M. Prazan : L’islamisation du monde. Les Occidentaux sont de toute manière dans leur champ de mire. Quand on leur parle du Califat mondial, les dirigeants de la Confrérie répondent systématiquement que les Occidentaux ont imposé au monde une économie capitaliste et que les communistes cherchaient aussi à imposer leur modèle au monde entier. Pourquoi donc les Frères musulmans ne pourraient pas en faire autant, rétorquent-ils. Ce qui est recevable comme argument. Ils ont déjà commencé ce processus. Il faut bien comprendre qu’ils n’ont pas la même notion du temps que nous. Les Frères musulmans voient les choses à long terme. Ils ne peuvent pas douter que l’objectif de l’islamisation mondiale finira par se réaliser. Pourquoi ? Parce que cet objectif est inscrit dans la vérité de leur croyance : l’islam. Elle s’imposera nécessairement un jour au monde comme elle s’est imposée à eux.

 

Les chiites iraniens ne sont pas un obstacle à la création de ce Califat ?

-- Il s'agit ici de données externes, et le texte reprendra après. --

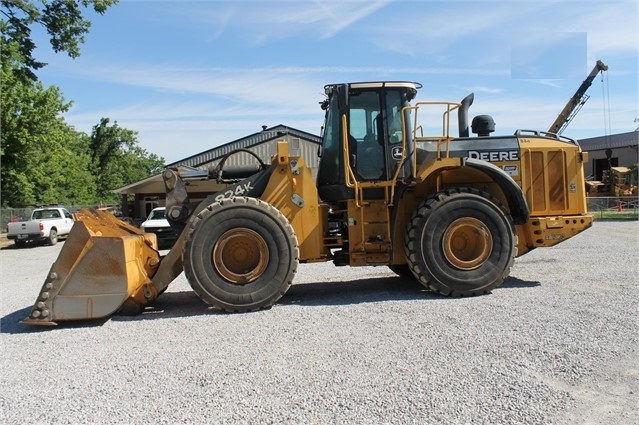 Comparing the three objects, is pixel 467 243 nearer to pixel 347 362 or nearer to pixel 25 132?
pixel 347 362

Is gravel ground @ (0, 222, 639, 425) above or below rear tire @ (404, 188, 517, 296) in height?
below

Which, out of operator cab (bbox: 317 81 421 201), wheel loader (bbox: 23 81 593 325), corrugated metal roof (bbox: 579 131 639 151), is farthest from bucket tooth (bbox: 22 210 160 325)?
corrugated metal roof (bbox: 579 131 639 151)

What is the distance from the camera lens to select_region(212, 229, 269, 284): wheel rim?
6781mm

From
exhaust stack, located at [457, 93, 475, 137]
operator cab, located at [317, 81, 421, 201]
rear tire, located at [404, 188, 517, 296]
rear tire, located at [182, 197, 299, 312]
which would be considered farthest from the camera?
exhaust stack, located at [457, 93, 475, 137]

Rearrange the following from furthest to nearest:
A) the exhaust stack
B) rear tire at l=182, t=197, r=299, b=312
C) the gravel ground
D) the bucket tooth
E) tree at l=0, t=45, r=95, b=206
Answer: tree at l=0, t=45, r=95, b=206 → the exhaust stack → rear tire at l=182, t=197, r=299, b=312 → the bucket tooth → the gravel ground

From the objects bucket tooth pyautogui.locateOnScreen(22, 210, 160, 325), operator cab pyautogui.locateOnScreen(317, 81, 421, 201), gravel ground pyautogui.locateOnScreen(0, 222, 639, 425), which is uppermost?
operator cab pyautogui.locateOnScreen(317, 81, 421, 201)

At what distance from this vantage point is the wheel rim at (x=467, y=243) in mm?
7199

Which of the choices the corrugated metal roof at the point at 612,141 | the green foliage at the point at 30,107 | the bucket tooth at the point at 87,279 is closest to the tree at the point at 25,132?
the green foliage at the point at 30,107

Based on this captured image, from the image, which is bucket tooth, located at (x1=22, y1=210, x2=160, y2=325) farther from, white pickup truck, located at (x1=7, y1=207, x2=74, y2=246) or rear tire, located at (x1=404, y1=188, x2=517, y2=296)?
white pickup truck, located at (x1=7, y1=207, x2=74, y2=246)

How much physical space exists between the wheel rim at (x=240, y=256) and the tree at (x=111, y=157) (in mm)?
58023

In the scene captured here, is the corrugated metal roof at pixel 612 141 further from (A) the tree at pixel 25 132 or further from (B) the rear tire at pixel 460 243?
(B) the rear tire at pixel 460 243

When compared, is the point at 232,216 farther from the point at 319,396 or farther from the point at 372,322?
the point at 319,396

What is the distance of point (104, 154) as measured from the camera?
63.7m

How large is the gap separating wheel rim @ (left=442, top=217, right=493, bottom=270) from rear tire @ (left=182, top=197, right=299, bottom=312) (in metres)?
2.11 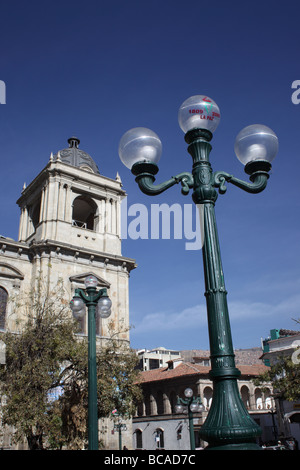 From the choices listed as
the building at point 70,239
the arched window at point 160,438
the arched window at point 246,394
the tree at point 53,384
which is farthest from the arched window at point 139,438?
the tree at point 53,384

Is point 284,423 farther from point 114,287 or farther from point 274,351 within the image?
point 114,287

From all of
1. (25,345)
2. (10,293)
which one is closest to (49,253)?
(10,293)

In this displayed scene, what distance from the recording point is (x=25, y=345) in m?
16.4

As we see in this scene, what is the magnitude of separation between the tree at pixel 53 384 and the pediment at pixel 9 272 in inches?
245

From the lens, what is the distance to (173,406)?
1570 inches

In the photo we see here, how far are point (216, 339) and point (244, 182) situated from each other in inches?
93.9

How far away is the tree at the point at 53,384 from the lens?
1423cm

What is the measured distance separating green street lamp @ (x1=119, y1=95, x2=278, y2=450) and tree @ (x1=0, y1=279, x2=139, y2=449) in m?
11.6

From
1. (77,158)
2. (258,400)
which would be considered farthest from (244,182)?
(258,400)

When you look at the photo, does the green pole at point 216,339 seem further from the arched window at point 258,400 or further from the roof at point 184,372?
the arched window at point 258,400

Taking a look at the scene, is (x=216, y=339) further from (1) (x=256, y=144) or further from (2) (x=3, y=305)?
(2) (x=3, y=305)

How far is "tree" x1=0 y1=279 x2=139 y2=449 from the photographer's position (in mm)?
14234

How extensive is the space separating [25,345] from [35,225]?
594 inches

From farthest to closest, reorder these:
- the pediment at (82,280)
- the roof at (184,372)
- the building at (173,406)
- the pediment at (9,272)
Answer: the roof at (184,372), the building at (173,406), the pediment at (82,280), the pediment at (9,272) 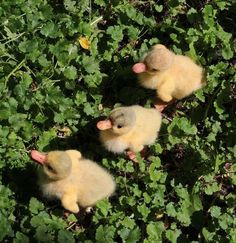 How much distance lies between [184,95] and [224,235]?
42.9 inches

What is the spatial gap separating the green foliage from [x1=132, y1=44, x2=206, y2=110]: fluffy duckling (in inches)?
8.2

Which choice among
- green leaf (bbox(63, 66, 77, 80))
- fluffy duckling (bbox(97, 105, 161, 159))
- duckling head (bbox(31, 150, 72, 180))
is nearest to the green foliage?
green leaf (bbox(63, 66, 77, 80))

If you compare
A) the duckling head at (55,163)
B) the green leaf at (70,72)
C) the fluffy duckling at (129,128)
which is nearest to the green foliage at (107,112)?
the green leaf at (70,72)

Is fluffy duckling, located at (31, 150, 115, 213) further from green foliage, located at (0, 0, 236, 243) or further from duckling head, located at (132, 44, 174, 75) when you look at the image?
duckling head, located at (132, 44, 174, 75)

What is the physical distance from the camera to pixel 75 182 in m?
4.29

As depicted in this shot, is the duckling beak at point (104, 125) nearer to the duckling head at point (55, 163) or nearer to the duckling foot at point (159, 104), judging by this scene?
the duckling head at point (55, 163)

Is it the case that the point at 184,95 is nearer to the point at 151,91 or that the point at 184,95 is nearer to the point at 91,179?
the point at 151,91

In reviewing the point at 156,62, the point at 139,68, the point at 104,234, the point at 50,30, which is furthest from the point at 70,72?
the point at 104,234

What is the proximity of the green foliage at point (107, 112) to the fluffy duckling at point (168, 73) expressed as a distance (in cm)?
21

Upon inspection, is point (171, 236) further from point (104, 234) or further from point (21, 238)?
point (21, 238)

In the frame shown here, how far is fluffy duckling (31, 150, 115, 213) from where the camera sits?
4.18 meters

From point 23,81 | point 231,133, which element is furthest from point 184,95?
point 23,81

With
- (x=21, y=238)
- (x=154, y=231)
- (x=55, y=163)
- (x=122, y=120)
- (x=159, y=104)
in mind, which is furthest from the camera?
(x=159, y=104)

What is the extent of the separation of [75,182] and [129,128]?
1.73ft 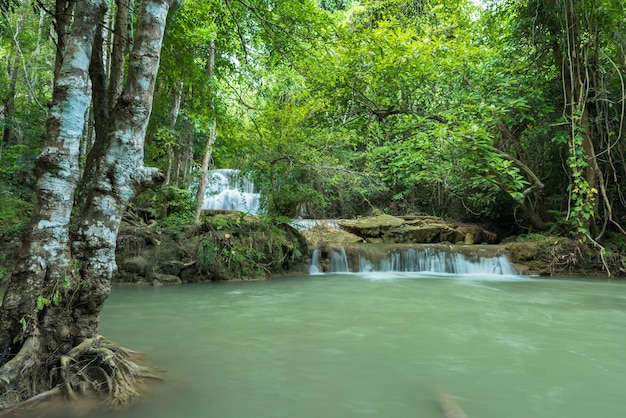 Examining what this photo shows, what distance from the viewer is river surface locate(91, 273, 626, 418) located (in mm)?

M. Prazan : L’antagonisme entre chiites et sunnites n’est qu’un écran de fumée. Il y a certes des différences théologiques énormes et frontales entre sunnites et chiites. Mais, si en revanche, on pense à l’Iran, alors on se trompe. Il n’y a aucune différence entre les Frères musulmans et la Révolution islamique iranienne. Elle s’appuie sur l’idéologie des Frères musulmans. Des liens entre les islamistes iraniens et les Frères musulmans ont été noués dès les années 1950. L’Ayatollah Khomeiny a lu Sayeed Qutb, un des idéologues les plus influents des Frères musulmans, et s’en est largement inspiré. Ce n’est pas un hasard si dans son discours d’investiture à la présidence, Morsi annonce qu’il va renouer les relations diplomatiques avec l’Iran.

 

T. Aclimandos : Il est vrai que la Confrérie a toujours évolué dans une perspective de rapprochement avec les chiites iraniens. Mais sur cette question, la Confrérie est divisée et on constate que la base est plus salafiste que la direction, ce qui lui pose des problèmes énormes avec un rapprochement éventuel avec les Iraniens chiites.

 

Michaël Prazan est un historien et documentariste français. Dans ses livres et ses documentaires, il explore les formes les plus extrêmes de violence (les Einsatzgruppen et les massacres de Nankin), ainsi que les mouvements radicaux et terroristes. Il a publié en 2012 Une histoire du terrorisme (éd. Flammarion) et vient de terminer un documentaire sur la Confrérie des Frères musulmans qui sera diffusé le 20 février 2013 sur la RTBF.

 

Tewfik Aclimandos est un historien égyptien et partage sa vie entre la France et l’Egypte. Chercheur associé à la Chaire d’Histoire contemporaine du monde arabe au Collège de France depuis 2009, il s’est spécialisé dans l’étude de la vie politique égyptienne depuis 1945. Il a été chercheur au Centre français d’études et de documentation économiques, juridiques, et sociales (CEDEJ) du Caire de 1984 à 2009. Il a publié plusieurs articles sur l’armée, les Frères musulmans et la politique étrangère de Moubarak.